Using the listing below, select the lines with the word "Panel" and copy them.

════

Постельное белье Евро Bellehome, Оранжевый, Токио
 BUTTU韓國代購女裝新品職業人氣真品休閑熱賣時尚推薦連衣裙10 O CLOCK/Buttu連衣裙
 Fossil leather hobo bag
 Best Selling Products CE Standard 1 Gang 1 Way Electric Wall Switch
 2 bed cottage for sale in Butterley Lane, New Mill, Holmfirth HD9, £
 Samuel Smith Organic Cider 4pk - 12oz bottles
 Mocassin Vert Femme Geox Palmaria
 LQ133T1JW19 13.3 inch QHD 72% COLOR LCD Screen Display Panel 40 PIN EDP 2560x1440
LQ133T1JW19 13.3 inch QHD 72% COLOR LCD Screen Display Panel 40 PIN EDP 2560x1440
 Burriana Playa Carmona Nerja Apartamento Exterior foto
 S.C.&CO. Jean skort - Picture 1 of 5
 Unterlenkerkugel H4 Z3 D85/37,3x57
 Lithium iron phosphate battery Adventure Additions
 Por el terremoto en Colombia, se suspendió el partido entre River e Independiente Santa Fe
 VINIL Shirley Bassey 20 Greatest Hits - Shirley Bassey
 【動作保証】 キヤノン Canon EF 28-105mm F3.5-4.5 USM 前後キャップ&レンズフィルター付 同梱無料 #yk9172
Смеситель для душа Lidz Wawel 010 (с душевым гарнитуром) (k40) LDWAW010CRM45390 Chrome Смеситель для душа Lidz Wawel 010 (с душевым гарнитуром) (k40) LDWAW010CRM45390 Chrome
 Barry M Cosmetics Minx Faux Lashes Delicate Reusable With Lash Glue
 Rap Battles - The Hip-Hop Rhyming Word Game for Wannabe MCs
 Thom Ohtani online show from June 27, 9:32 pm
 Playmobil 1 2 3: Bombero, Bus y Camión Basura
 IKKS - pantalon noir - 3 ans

════

● **RESPONSE**
 LQ133T1JW19 13.3 inch QHD 72% COLOR LCD Screen Display Panel 40 PIN EDP 2560x1440
LQ133T1JW19 13.3 inch QHD 72% COLOR LCD Screen Display Panel 40 PIN EDP 2560x1440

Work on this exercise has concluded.